The other side

Its not often that we, as a medical fraternity deal with our own loved ones as patients. We see so many patients and relatives every day that it seldom strikes us that it could be us in their places too. Most of the days ,we deal with the frustrations of irritable by- standers, over concerned parents as well as children that their worries fail to register with us in time. We become concerned with treating the patients and not much else. It is probably a self protective mechanism we develop over years, otherwise who wants to be so emotionally attached to each patient that each of their inevitable ends(which might have been prolonged by us) leave us emotionally scarred each time around. And our psyches aren’t meant to take that much damage, so it comes naturally to us that we distance ourselves from their fears,turn a blind eye to their tears and we learn to be matter of fact and move on,  because , self preservation is an art which medicos learn without ever having to be taught.

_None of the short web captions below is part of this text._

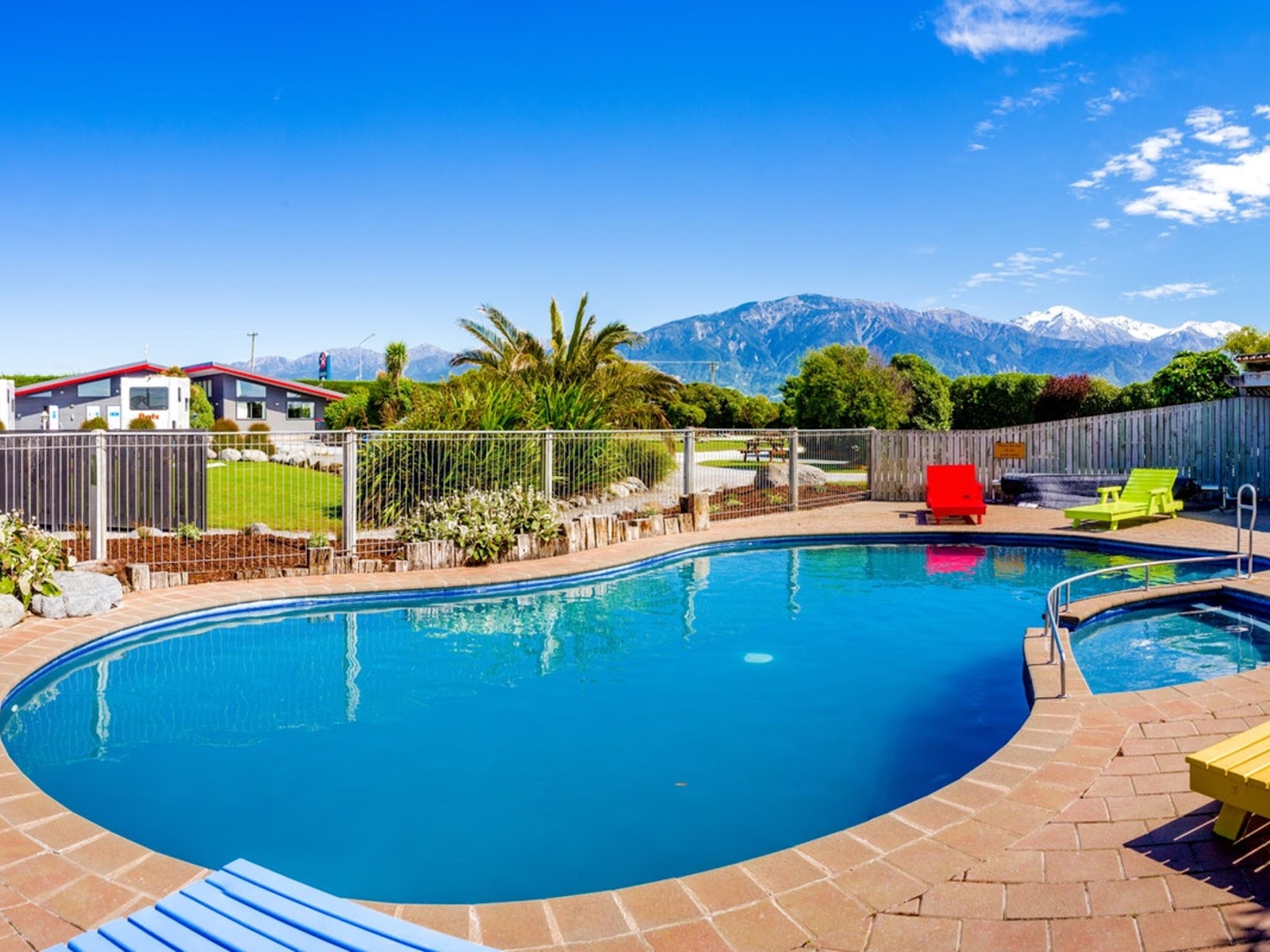 Kaikoura TOP 10 Holiday Park 3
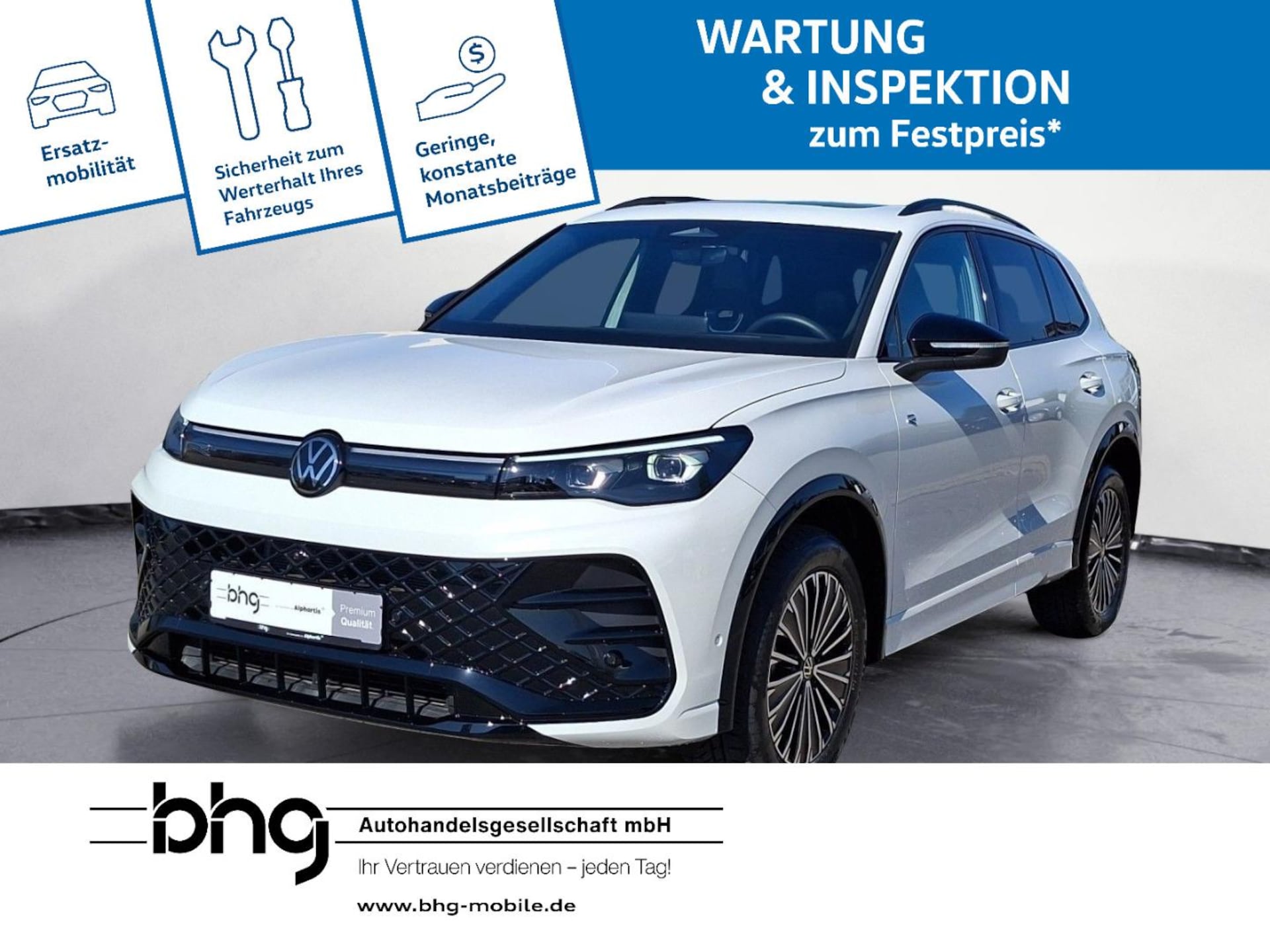 Volkswagen Tiguan R-Line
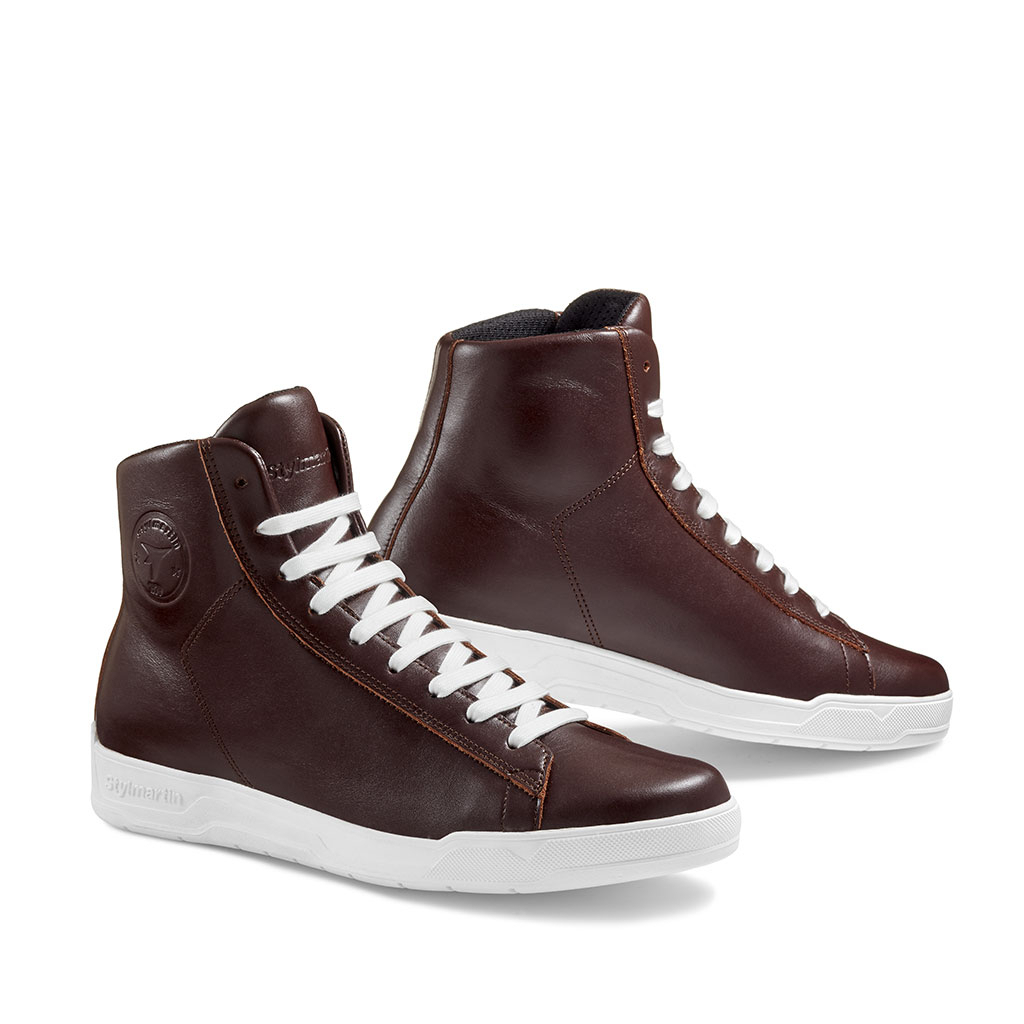 Stylmartin Core WP Brown White Size 40 Stylmartin 
                                1000001252551 
                                659-202011-40 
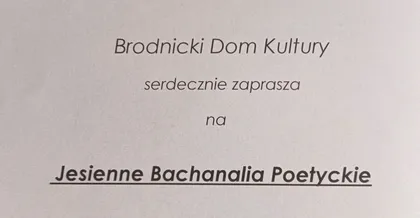 Brodnicki Dom Kultury — zdjęcie 10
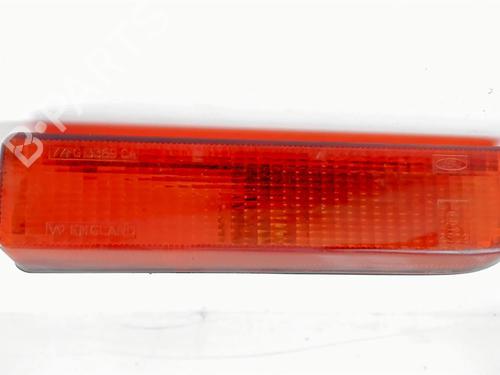 Right front indicator FORD FIESTA III (GFJ) 1.6 i 16V | BP25264747C33 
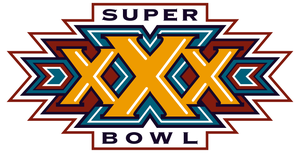 Super Bowl XXX | Logopedia | Fandom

There have been two instances in my life which have made me stop and wonder at the distances we keep ,the direct gazes we avoid and the awkward moments we never want to be a part of. First came a long time ago, 12 years ago, when i was nothing but a naive wide eyed 18yr old medical student standing in front of the neuro surgical icu as the lonesome connecting link between my completely non-medico parents and extremely professional surgeons of my brother, who was brought there with extensive brain injury. The first time i heard the word GCS was then, and little did i know then that 3/15  was as bad as it gets. The doctors telling me assumed i understood what they were saying, and my parents assumed that i understood better than they did, but either side failed to see the terrified clueless naive girl in front of them.
The next time was much more recently, by then i had graduated in age as well as education as well as maturity to be an anaesthetist , a wife, and a mom but even then the fears of hearing the word cancer in association with your mom does not make it any less scary than it was 12 years ago.But this time around i was better prepared, i knew what to ask, who to ask and how to be. I researched extensively till i realised that knowing more about it was only making things worse and not better. 12 years ago the situation was of a naive unprepared teen while this time around i should have had more of a handle on the situation, but both times left me feeling completely powerless,vulnerable,scared and stretched to the limit of fearing the worst. Atleast this time around i knew that my dad needed me to be strong and by this time around i was old enough to atleast pretend to be.
Both these instances have shaped me a lot in the making of who i am as a doctor. The first time,when i was too young ,instilled in me an empathy to the bystanders who never know who to ask and what to ask and most of the time are just looking for a comforting smile.  That time taught me how much a simple acknowledgment of their presence outside the ICU s make a sea of difference to them. By the next time when i was standing outside an ICU i knew to appreciate the people who take care of your loved ones inside as well as have an understanding of the limitations they have. I learnt to appreciate the higher being who decides what happens however we may want it to pan out. I learnt to understand that all we can do in any situation is be the best version of ourselves and pray for the best.
Beyond the tinted glass door of the ICU, the other side, seems a distant shadow, one we never want to be a part of, one we almost always ignore and one we never think of. But when the light falls on us and makes us the shadows and, remember ,one day it will, we  are left with thoughts of how we could have been, better, and nicer versions of ourselves.